How to setup rdt server on docker:
Pre-requisite: Use an Ubuntu machine and make sure docker is installed.
- We recommend using Ubuntu machine and an Ubuntu docker for this setup. Please use Python 3.6 for this. (can be done by doing: apt install python3.6).
- Create a folder /home/rdtreader/.
- Download the git repository: https://github.com/DigitalHealthIntegration/rdt-reader.git
- Execute the script DockerBuild in the folder: /home/rdtreader/rdt-reader/. This sets up the docker image required for the setup: iprd-rdt-reader.
- Now, we need to start an instance of this docker image. Do: docker run -it -d -p 9000:9000 iprd-rdt-reader /bin/bash
- Verify that the docker container is up and running by doing: docker ps. (If you do not see this container listed, pls do: docker ps -a to see if it crashed)
- Now, we need to run various commands within the docker container itself.
- For that, do: docker exec -u 0 -it /bin/bash. We can obtain the docker container id by running docker ps.
- You should now be logged in to the docker container instance as root user.

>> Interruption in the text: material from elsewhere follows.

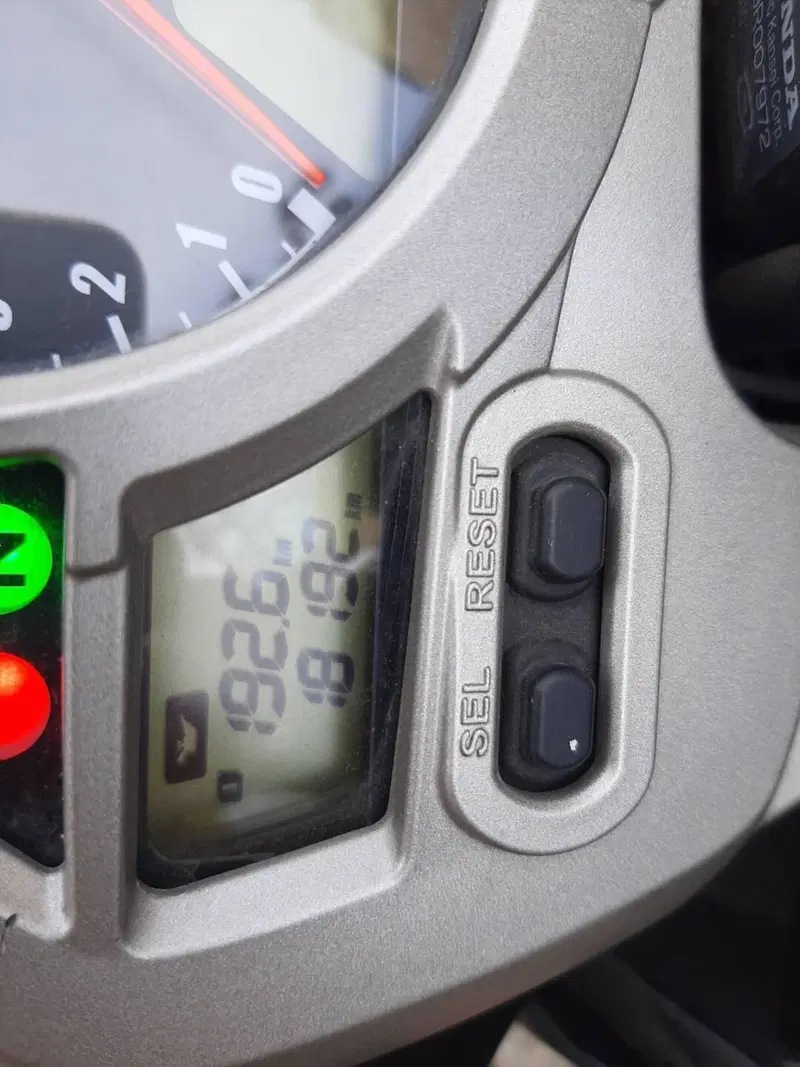 Honda Hornet 600 (2007 - 10) (7)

- Now clone the git repository as follows: git clone --recurse-submodules https://github.com/DigitalHealthIntegration/rdt-reader.git
- Check if the env variable MINICONDA is set: echo $MINICONDA. If not, please set it. There is a miniconda3 folder in the root directory: /miniconda3/bin/conda. Ex: set MINICONDA /home/rdtreader/miniconda3/bin/conda or export $MINICONDA /home/rdtreader/miniconda3/bin/conda
- Now run conda activate.
- Copy the contents of tensorflow-yolov3-models/models sub folder in tensorflow-yolov3/
- We now need to update some configurations. For this, go to: /rdt-reader/tensorflow-yolov3/core and open config.py
- Here, update D:/source/repos to /home/rdtreader (or whichever folder you have in your setup)

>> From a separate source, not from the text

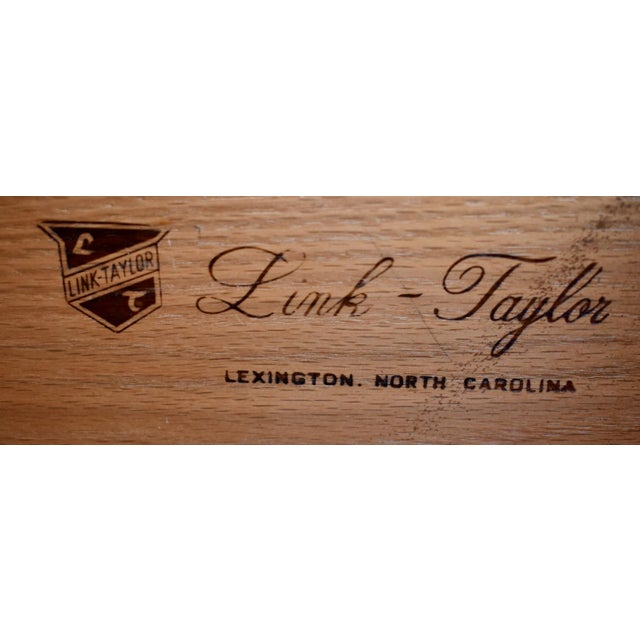 Vtg. Pair of Link-Taylor Americana Style Solid Maple Three Drawer Nightstands For Sale - Image 13 of 13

- Now, go to the rdt-reader folder and run: python3 flasker.py
Possible errors and resolution:
- on dockers, we saw part of the clone (mentioned in step 10) fail with the following error: Encountered 1 file(s) that should have been pointers, but weren’t . This happens while trying to open \rdt_reader\rdt-reader\dataset\obj.tar.gz
Solution: If this happens, check if LFS has been initialized. Run: git lfs status to check its status and git lfs install to initialize it. As a workaround, if nothing works, just unzip the above file manually. This may need manually executing some steps later on.

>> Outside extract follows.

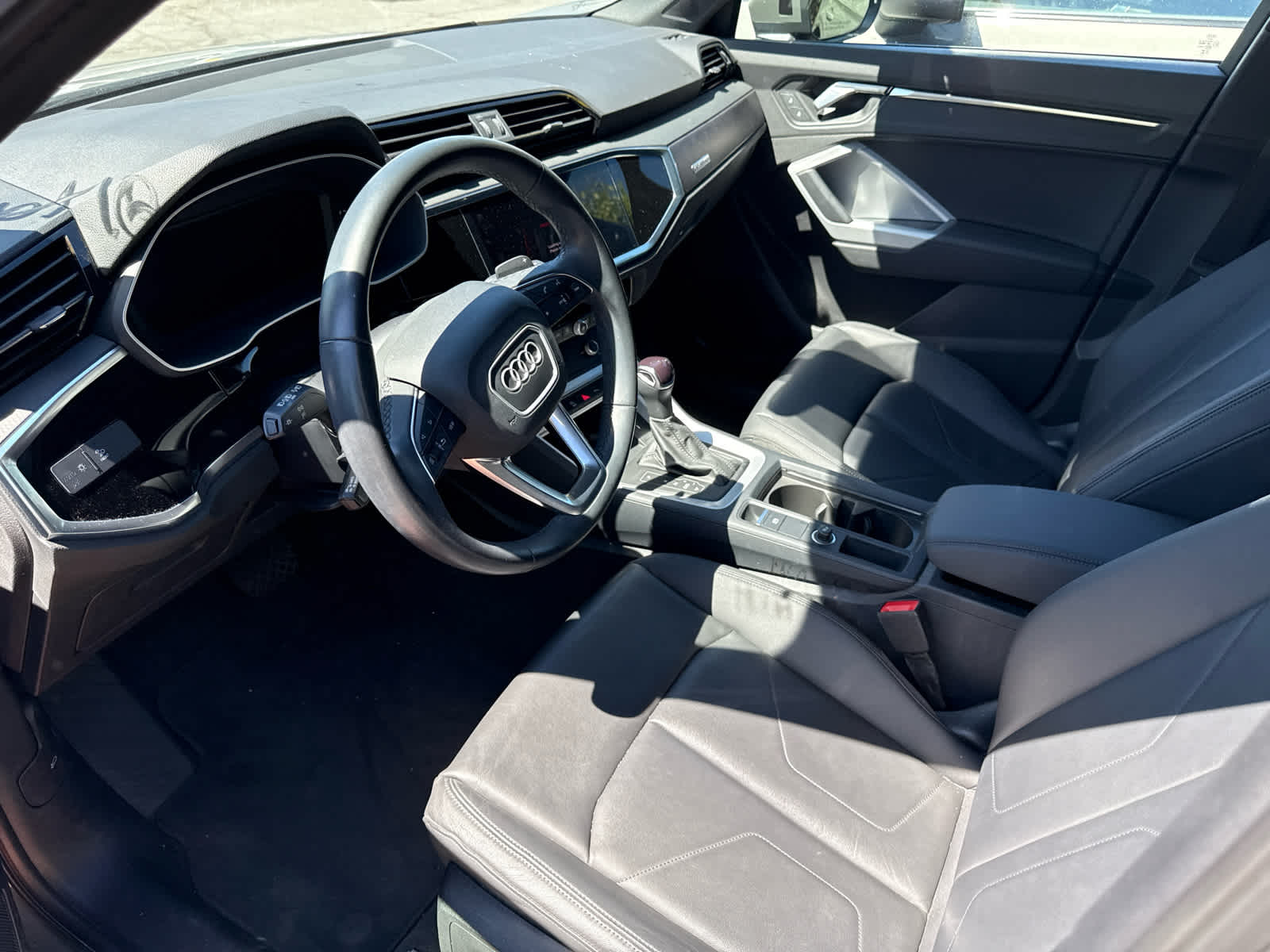 2024 Audi Q3 S line Premium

- Sometimes, due to errors while cloning the git repository, we may see issues in the tensorflow-yolov3 folder. Ex: in tensorflow-yolov3-models/models/Flu_audere/1 folder, we should see a file saved_model.pb which should be about 900 KB. If less than that, it probably indicates there was an issue.
Solution: Please download the following files: https://drive.google.com/drive/u/0/folders/1mKZWs4f0DvjgrwUp4wBRcr1QMYfASyBM Extract the contents of these zip files to the following folders: Flu_audere.zip: /rdt-reader/tensorflow-yolov3-models/models/Flu_audere/1 Flu_audere_line.zip: /rdt-reader/tensorflow-yolov3-models/models/Flu_audere_line/1 After this, make sure you copy the contents of tensorflow-yolov3-models/models sub folder in tensorflow-yolov3/.